*Exercise description*: A complete response lists each line of the data below that includes the word "with".

*Data extracted from a collection*:
________
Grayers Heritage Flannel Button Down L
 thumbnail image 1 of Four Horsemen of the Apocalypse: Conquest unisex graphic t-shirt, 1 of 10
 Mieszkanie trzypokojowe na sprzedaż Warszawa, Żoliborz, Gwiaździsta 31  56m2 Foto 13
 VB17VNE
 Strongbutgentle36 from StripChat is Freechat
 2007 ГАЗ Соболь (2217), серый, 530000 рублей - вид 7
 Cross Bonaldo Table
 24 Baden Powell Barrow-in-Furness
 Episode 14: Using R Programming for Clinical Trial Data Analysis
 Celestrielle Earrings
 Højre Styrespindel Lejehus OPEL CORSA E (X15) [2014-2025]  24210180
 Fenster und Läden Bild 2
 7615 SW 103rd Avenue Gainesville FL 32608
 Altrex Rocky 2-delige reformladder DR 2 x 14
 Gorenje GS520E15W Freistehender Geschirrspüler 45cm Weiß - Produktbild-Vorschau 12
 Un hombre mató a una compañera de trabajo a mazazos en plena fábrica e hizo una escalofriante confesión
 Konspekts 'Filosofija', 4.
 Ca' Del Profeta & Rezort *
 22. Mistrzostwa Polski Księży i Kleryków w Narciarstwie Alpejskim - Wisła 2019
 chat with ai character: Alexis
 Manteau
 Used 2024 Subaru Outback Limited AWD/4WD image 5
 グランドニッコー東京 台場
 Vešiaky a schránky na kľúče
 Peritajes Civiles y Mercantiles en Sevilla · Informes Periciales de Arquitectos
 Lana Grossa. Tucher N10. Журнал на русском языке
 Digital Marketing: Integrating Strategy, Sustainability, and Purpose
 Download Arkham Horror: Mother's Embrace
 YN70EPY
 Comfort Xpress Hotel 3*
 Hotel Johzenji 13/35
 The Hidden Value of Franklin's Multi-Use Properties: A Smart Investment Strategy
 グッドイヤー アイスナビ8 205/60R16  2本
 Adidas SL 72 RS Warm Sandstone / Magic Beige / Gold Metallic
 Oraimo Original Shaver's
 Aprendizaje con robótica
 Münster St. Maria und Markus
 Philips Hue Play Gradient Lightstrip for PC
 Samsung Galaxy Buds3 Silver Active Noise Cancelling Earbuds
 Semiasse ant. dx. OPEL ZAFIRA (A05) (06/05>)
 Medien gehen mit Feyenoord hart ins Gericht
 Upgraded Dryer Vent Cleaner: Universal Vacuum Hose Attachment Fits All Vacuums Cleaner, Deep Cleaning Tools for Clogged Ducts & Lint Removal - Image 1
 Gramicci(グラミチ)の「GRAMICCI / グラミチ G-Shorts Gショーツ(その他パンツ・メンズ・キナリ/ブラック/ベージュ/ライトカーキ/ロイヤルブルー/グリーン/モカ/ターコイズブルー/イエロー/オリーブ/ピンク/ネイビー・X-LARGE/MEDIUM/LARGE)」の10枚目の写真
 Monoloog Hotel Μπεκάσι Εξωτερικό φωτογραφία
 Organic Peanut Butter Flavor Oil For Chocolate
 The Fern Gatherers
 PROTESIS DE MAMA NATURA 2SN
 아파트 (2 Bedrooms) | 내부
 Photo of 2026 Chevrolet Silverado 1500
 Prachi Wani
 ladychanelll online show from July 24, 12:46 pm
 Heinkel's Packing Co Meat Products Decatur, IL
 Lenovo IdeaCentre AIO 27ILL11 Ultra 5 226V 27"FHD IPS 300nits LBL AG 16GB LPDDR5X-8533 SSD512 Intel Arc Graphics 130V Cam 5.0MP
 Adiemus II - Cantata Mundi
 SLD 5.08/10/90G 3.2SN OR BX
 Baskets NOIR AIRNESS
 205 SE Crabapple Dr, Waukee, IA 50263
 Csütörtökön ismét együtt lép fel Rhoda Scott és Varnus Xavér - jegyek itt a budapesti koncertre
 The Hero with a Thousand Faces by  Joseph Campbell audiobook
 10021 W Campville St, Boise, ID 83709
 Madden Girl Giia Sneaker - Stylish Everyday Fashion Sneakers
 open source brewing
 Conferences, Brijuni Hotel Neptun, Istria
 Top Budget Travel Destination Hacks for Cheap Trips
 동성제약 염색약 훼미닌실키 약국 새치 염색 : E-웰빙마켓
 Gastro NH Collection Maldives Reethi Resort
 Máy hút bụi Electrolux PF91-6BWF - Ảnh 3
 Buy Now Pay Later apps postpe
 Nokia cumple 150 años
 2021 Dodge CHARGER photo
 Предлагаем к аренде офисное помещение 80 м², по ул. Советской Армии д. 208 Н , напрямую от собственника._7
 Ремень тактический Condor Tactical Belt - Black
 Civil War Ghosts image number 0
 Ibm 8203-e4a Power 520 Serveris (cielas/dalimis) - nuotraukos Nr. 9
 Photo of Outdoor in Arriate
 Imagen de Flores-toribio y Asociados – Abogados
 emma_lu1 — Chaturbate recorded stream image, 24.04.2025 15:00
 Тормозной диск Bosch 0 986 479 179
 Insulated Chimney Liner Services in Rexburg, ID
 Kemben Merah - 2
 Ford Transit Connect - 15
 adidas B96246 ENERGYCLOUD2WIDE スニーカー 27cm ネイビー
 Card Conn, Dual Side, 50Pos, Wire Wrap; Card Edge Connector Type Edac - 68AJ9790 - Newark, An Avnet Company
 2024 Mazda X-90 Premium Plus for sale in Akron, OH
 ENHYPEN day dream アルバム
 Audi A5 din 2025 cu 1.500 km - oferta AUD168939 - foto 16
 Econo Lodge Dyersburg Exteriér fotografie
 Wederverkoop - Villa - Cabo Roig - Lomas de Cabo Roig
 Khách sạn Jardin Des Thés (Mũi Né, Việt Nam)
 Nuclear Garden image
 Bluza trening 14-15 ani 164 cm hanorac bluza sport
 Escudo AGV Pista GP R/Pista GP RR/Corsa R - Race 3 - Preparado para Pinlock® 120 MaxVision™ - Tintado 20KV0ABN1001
________
*Result*:
 chat with ai character: Alexis
 The Hero with a Thousand Faces by  Joseph Campbell audiobook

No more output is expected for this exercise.